→ **Data**
※ ※ ※

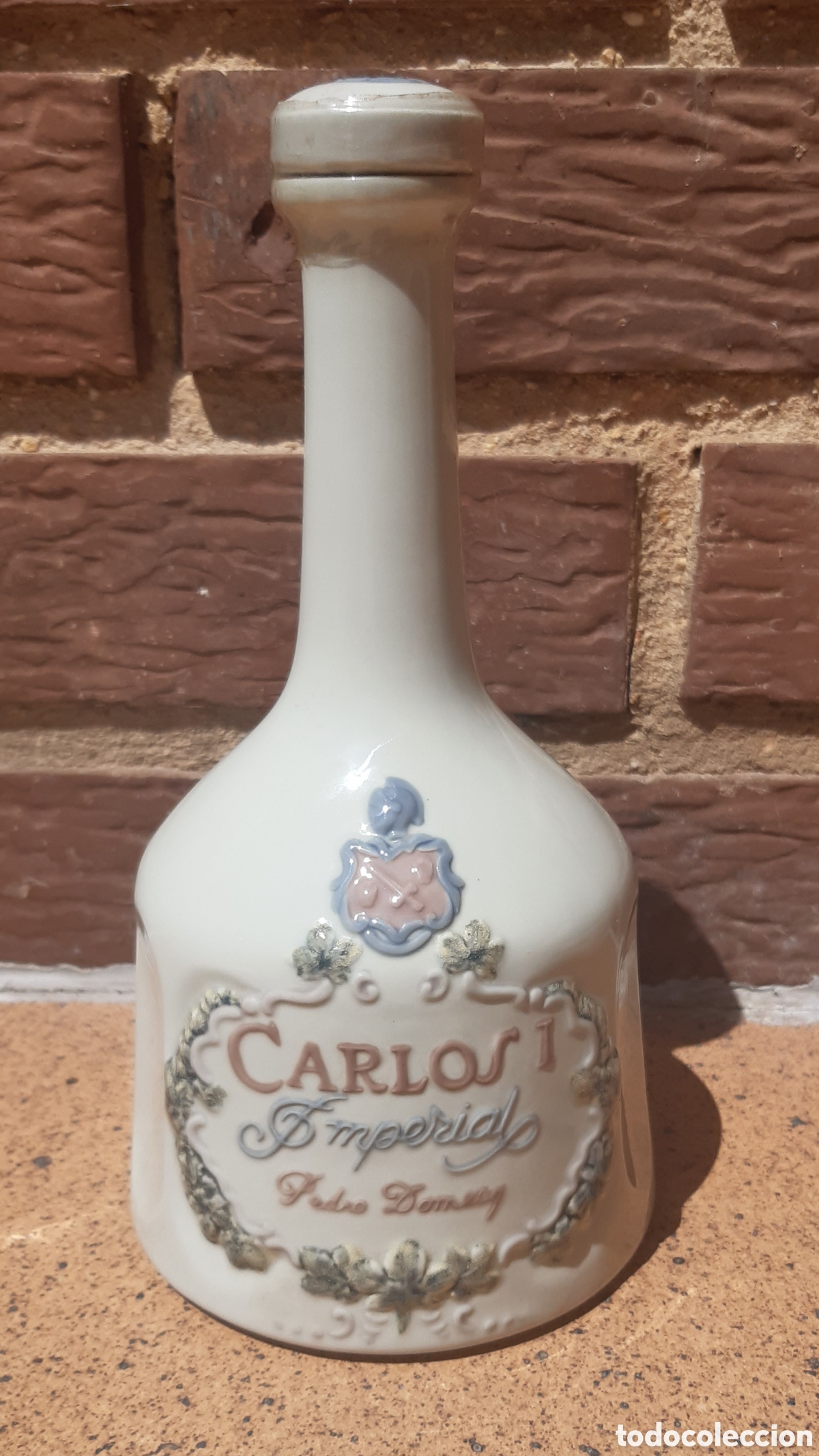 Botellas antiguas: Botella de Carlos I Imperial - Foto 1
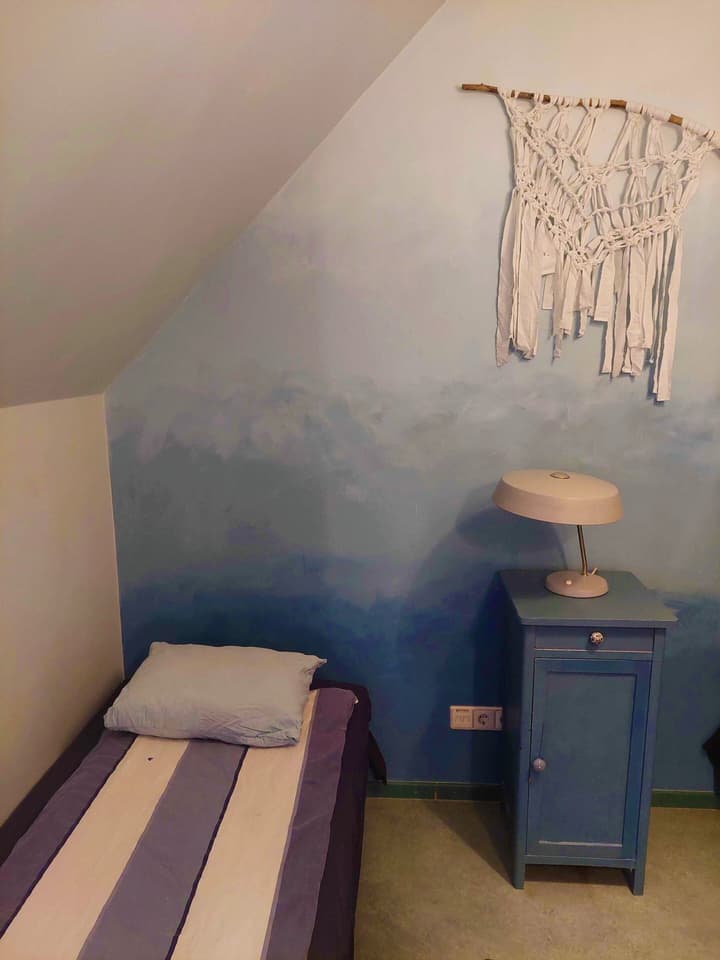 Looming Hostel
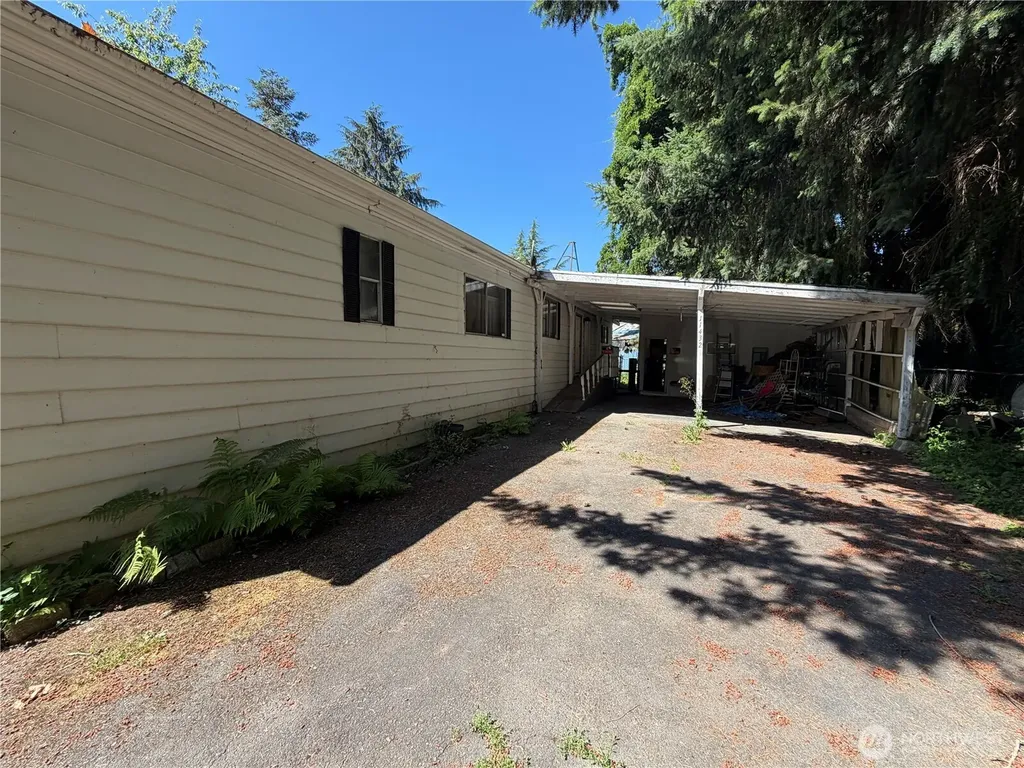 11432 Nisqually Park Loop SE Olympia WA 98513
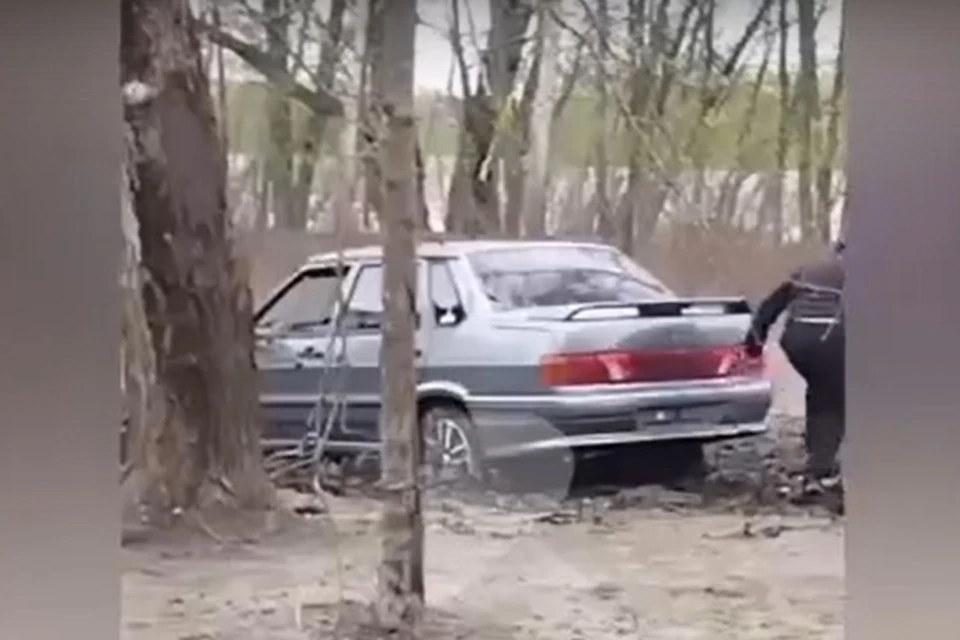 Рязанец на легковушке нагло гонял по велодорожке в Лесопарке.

※ ※ ※

→ **Assignment**
Starting at the line that holds "Looming Hostel", copy each line exactly through the end of the listing, both ends included. Leave the pictures out.

→ **Solution**
 Looming Hostel
 11432 Nisqually Park Loop SE Olympia WA 98513
 Рязанец на легковушке нагло гонял по велодорожке в Лесопарке.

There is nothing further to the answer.